Chief Data Officer Toolkit: Leading the Digital Business Transformation – Part 2
Read the second and final part of this overview of the CDO Toolkit, which integrates the disciplines of economics and analytics to help the CDO to ascertain the economic value of the organization’s data and data sources.
The first part of the CDO Toolkit provided the CDO with a process of identifying, assessing, and estimating the value of the organization’s data in support of the organization’s key business initiatives.
CDO also needs a process for capturing, refining and re-using the organization’s analytics in support the organization’s key business initiatives and the use cases. Let’s expand upon what we have already done as part of the CDO Toolkit to create a process and supporting framework for capturing, refining, sharing and ultimately monetizing the organization’s analytics.
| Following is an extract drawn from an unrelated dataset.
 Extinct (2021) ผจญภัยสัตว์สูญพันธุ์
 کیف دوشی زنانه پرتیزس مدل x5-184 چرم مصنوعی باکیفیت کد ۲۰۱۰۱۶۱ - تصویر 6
What Are Analytic Profiles?
The capture, refinement and reuse of the analytics are built around a simple concept called the Analytic Profile. Analytic Profiles are structures (models) that standardize the collection, application and re-use of the analytic insights for the key business entities at the level of the individual (human or physical object). We build Analytic Profiles for each individual Business Entity such as customer, store, employee, product, supplier and local events (see Figure 10).
Analytic Profiles provide a framework for ensuring that the organization’s analytic efforts are being coordinated around a larger analytics master plan. Analytic Profiles enforce organizational discipline in the capture and application of the organization’s analytic efforts and minimize the risk of creating one-off, “orphaned analytics1.” Analytic profiles help organizations prioritize where and how to invest their valuable data science resources by forcing the identification of the analytics needed to support the organization’s top priority business use cases.
Map Analytic Profiles to Use Cases
Next we want to map the Analytics Profiles (Business Entities) to each use case to understand which Analytic Profiles are important across which use cases. To continue our Chipotle exercise, we map the Chipotle Analytic Profiles against Chipotle use cases (see Figure 11).
Brainstorm Variables and Metrics
For our top priority use case (which we prioritized in Figure 5), we want to identify or brainstorm those variables and metrics that might be better predictors of performance (remembering our definition of data science). To accomplish this, we will apply the “Predictive Questions” exercise.
In the “Predictive Questions” exercise, we will take a descriptive question that the business users are asking to monitor the status of the business (e.g., “What were revenues last week?”) and transform it into a predictive question with the addition of the following prefix:
What data might I want in order to predict [Descriptive Question]?
Applying the “Predictive Questions” technique, we come up with the following predictive question:
What data might I want in order to predict what will revenues be next week?
Then if you follow good facilitation techniques (see blog “How To Run A Workshop: Guidelines and Checklist”), we end up with a wide variety of metrics and variables that might be better predictors of performance (see Figure 12).
You will want to capture each variable or metric on a separate Post-it Note, as we will want the ability to group these variables and metrics later.
Identify Potential Scores
In the next step, we bring the business stakeholders together in order to have them group the variables and metrics into common subject areas (and potentially brainstorm additional variables and metrics in the process). These subject areas might be utilized to develop “scores” that would support the key decisions that make up the prioritized use cases (see Figure 13).
Scores are a dynamic rating or grade standardized to aid in comparisons, performance tracking and decision-making. Scores help to predict likelihood of certain actions or outcomes (e.g., FICO score measures the likelihood of a borrower repaying their loan). Scores are actionable, analytic-based measures that support the decisions your organization is trying to make, and guide the outcomes the organization is trying to predict.
We identified two potential scores in Figure 12:
- Local Economic Potential which measures the economic potential of the area around a store including changes in local demographics, local house values, and local economic conditions
- Local Vitality which measures the amount of activity or “life” around a store including miles from a high school, miles from a mall, miles from a business park, local sporting events and local entertainment events
Understanding the local economic potential and local vitality around a store may impact business decisions around staffing, inventory, production, promotions and sponsorships.